Thursday, February 28, 2008

A Knee-jerk Reaction of Negativity

Remember how, as kids, we couldn't wait to grow up and make our own decisions? I hated being told what to do and when to do it. I loved my first few years of being an "adult". But now? Now choices, at least the major ones, can be scary. Now? Now someone tell me what to do!

As I've mentioned in a past post, my choice now is to stay in the off-shoot of education that I'm currently employed in or be daring and try something new as a means of support for the kids and myself. A lovely, insightful reader, Vanessa, left her input for me in this previous post. I found myself reacting to her suggestions with negativity. In the midst of thinking of all the reasons why those suggestions wouldn't work I mentally slapped myself. Here I was doing what those around me do when I suggest new things. That's not how I want to be and that's a big part of what I'm trying to change. It was so easy to get sucked into thinking negatively right off the bat! So thank you Vanessa, for the reminder that this year is supposed to be about change, about letting go of what others think, and about being brave!
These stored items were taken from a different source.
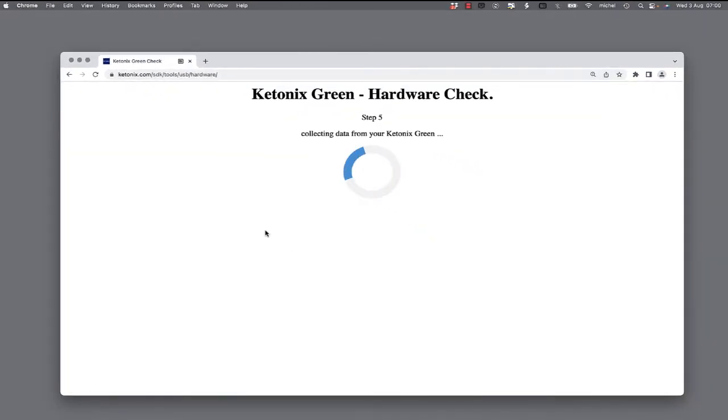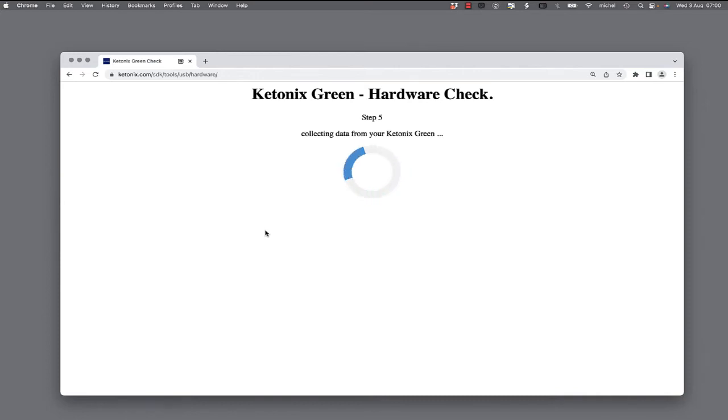Now the software will record the startup time for your Ketonex device. If it's been properly powered initially for 12 hours, then used on a regular basis, the startup time will be short.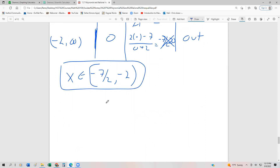Those are our rational inequalities, and this concludes our section on both polynomial and rational inequalities — the last topic with respect to algebraic functions. When we move on, we'll start looking at exponential and logarithmic types of functions in the next chapter.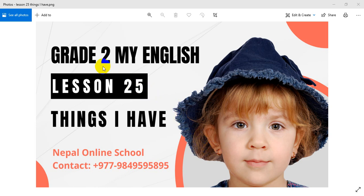Hello and welcome to this class. Today we are going to do My English, lesson 25.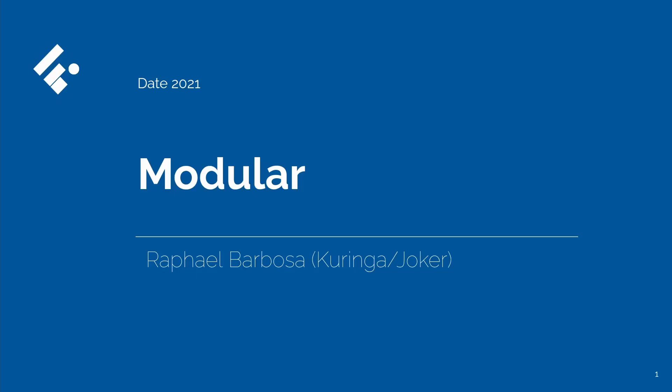Hello everyone, I am Rafael Barbosa, but you can call me Scoringa or Joker. You are on Fluttering and today I'll introduce you to the Flutter modular.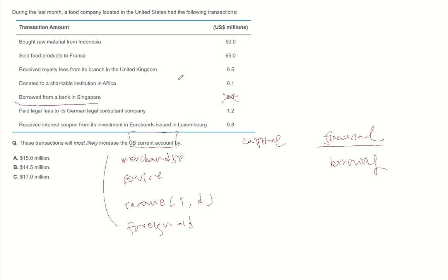Buying raw material from another country will decrease, while selling food products to another country will increase the current account.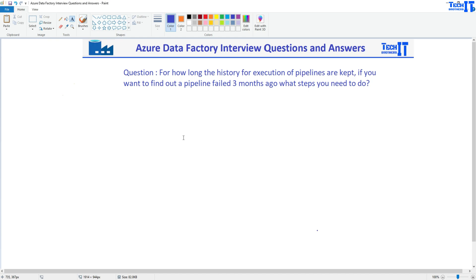The second part is that we can enable log analytics workspace and then the Azure data factory will write all the logs to that log analytics workspace and we can write the Kusto query to see all the execution failures and all that from the log analytics workspace.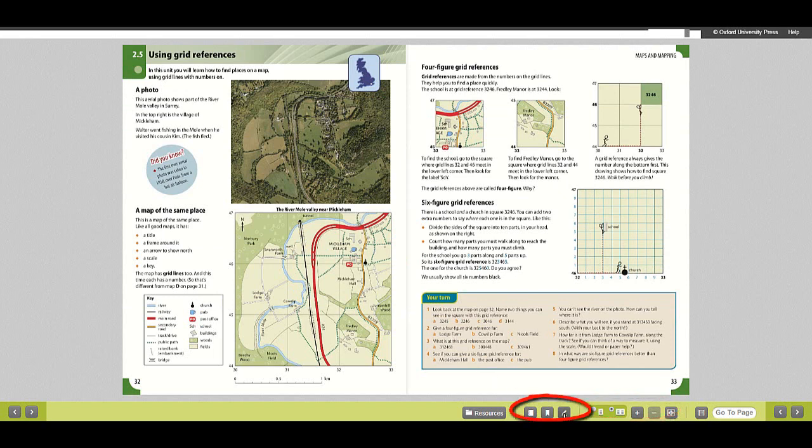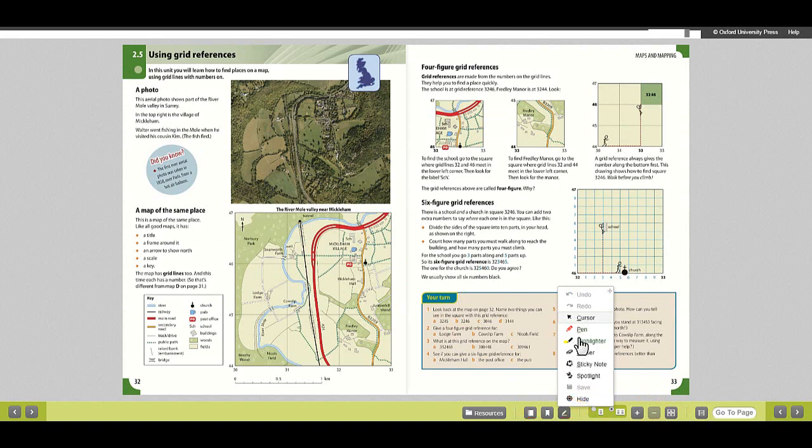The annotation tools allow you to highlight and mark up your digital book. Select the tool, make your annotations, and click save.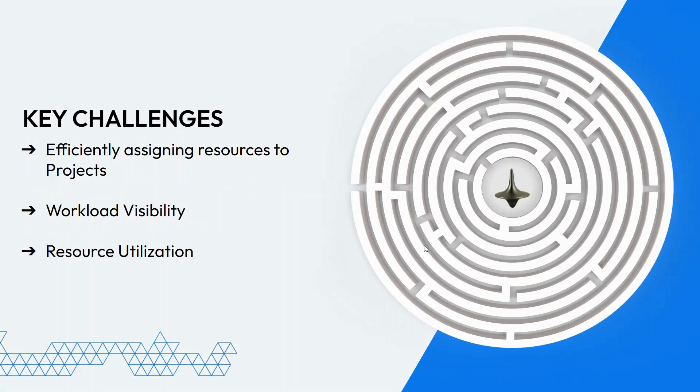Now let me take you through a quick demo of adding user stories to a project, adding estimated hours, assigning them to resources, and then visualizing their workload in resource planner.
I went back and looked at her suggestions again, this time thinking "Well, yes, I could do that and yes, that would work also." If all else fails I do have a degree that I can use to fall back on if need be.

There have been at least 4 jobs listed in my current field in the area that we are moving to. It dawned on me this morning that my procrastination in applying for any and all of these positions (the closing date for all is Feb. 29th) is a sign of my lack of desire to go in that direction. It's not that I don't like teaching - I do. But what I do currently and what my degree is in is an off-shoot of education. I tought high school for a year in Oklahoma (under an emergency certification) and thoroughly enjoyed it. There is one way that I can teach high school w/o a teaching degree in the state where I currently reside...teach Family & Consumer Sciences. For some reason this state does not require you to have a degree in FACS in order to teach it at the high school level. Now that is something I could see myself getting into. (Don't laugh, those of you who know me...it's not that I CAN'T cook, it's that I choose not to for the most part. I have the knowledge and can definitely teach it. And you know that when I do cook it's usually pretty good!)

So where am I going with all of this? I"m going somewhere new, a path not yet tread. I am not going to apply for jobs in my current field. It doesn't do me or my kids any good to have me dread going to work or come home tired, drained, and grumpy. They deserve better! I deserve better! Not to mention that it's a disservice to those you work with when you don't feel that you are putting your best foot forward.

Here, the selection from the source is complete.